## What to work on:
The material below has pictures in it. Set down only the lines from the line containing "Which of the" through the line containing "Hello and welcome", word for word, and leave the pictures behind.

## Input data:

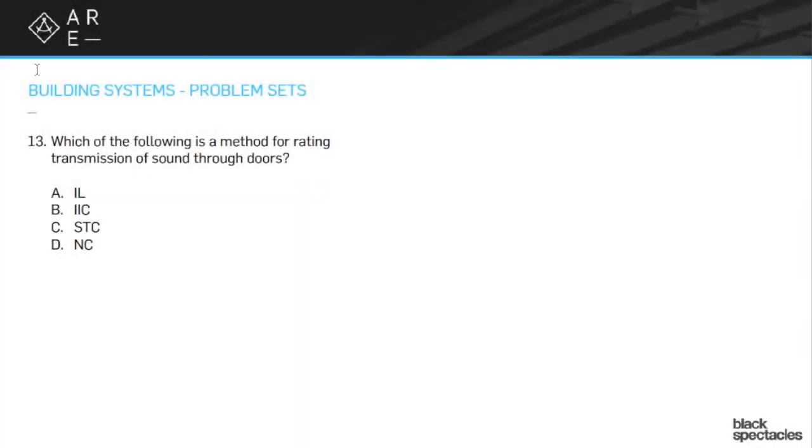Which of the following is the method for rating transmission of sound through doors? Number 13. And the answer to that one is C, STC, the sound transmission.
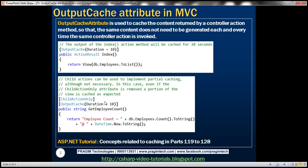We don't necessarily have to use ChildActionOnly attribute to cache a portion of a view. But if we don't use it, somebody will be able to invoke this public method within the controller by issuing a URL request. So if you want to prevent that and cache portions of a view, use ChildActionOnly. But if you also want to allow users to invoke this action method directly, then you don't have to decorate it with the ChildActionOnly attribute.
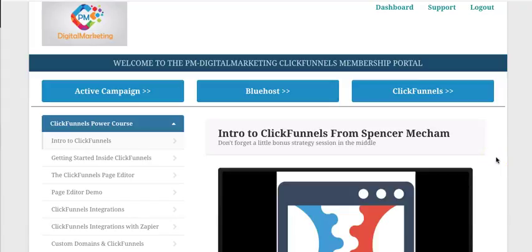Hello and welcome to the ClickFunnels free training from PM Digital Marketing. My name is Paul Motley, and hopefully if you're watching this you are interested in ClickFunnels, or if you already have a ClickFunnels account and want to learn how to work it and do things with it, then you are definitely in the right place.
* * *
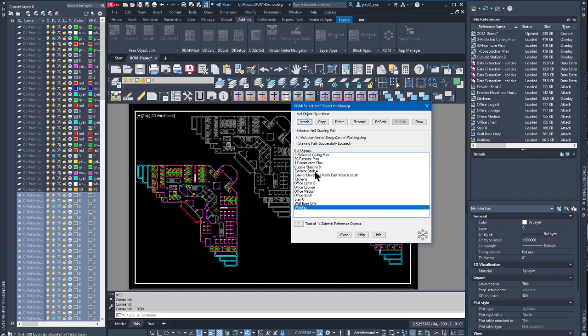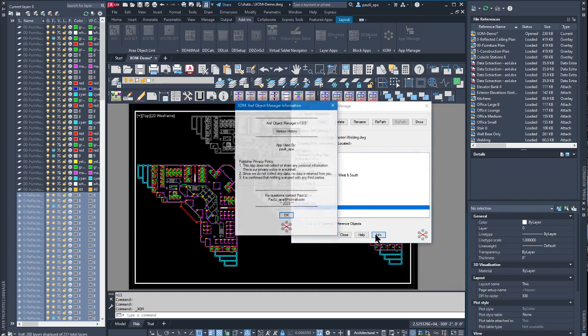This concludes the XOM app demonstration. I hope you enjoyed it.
---
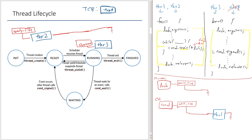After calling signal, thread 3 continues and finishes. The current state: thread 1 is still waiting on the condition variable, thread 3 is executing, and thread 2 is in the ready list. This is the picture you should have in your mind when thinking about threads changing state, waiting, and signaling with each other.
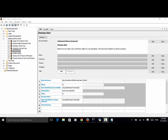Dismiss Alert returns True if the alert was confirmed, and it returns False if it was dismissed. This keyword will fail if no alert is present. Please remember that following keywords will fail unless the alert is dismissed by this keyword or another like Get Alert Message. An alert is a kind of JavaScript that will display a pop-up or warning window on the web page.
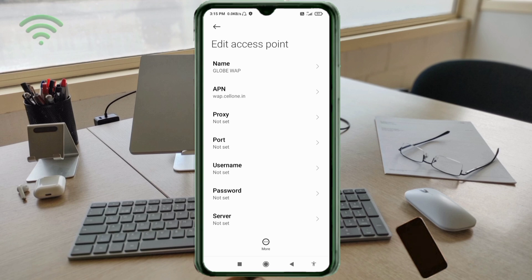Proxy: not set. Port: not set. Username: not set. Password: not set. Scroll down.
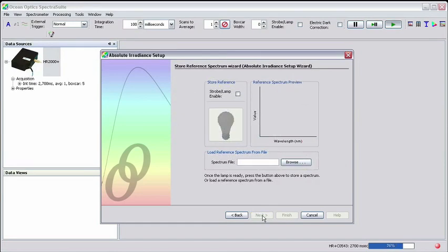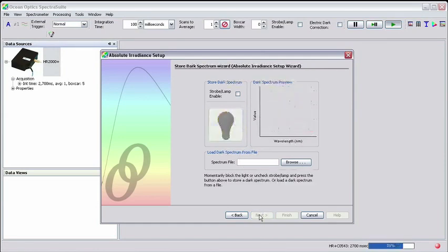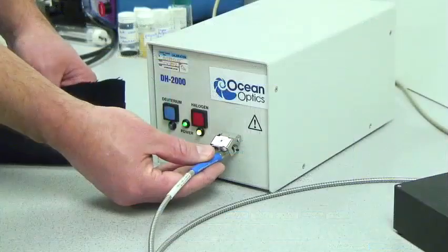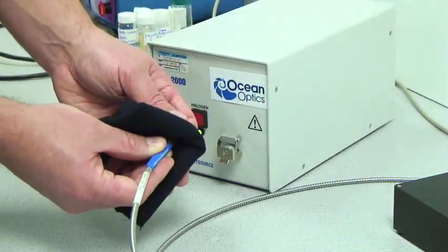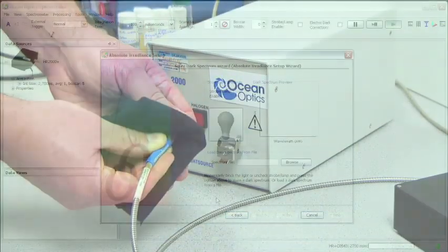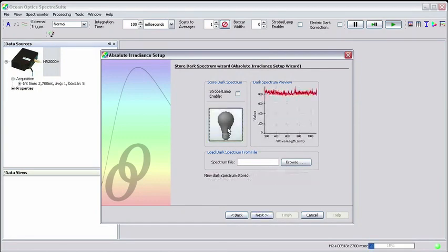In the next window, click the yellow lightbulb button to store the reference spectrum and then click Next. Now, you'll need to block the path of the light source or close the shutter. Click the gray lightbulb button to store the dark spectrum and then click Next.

## Answer section:
Which of the following is the method for rating transmission of sound through doors? Number 13. And the answer to that one is C, STC, the sound transmission.
We don't necessarily have to use ChildActionOnly attribute to cache a portion of a view. But if we don't use it, somebody will be able to invoke this public method within the controller by issuing a URL request. So if you want to prevent that and cache portions of a view, use ChildActionOnly. But if you also want to allow users to invoke this action method directly, then you don't have to decorate it with the ChildActionOnly attribute.
Hello and welcome to the ClickFunnels free training from PM Digital Marketing. My name is Paul Motley, and hopefully if you're watching this you are interested in ClickFunnels, or if you already have a ClickFunnels account and want to learn how to work it and do things with it, then you are definitely in the right place.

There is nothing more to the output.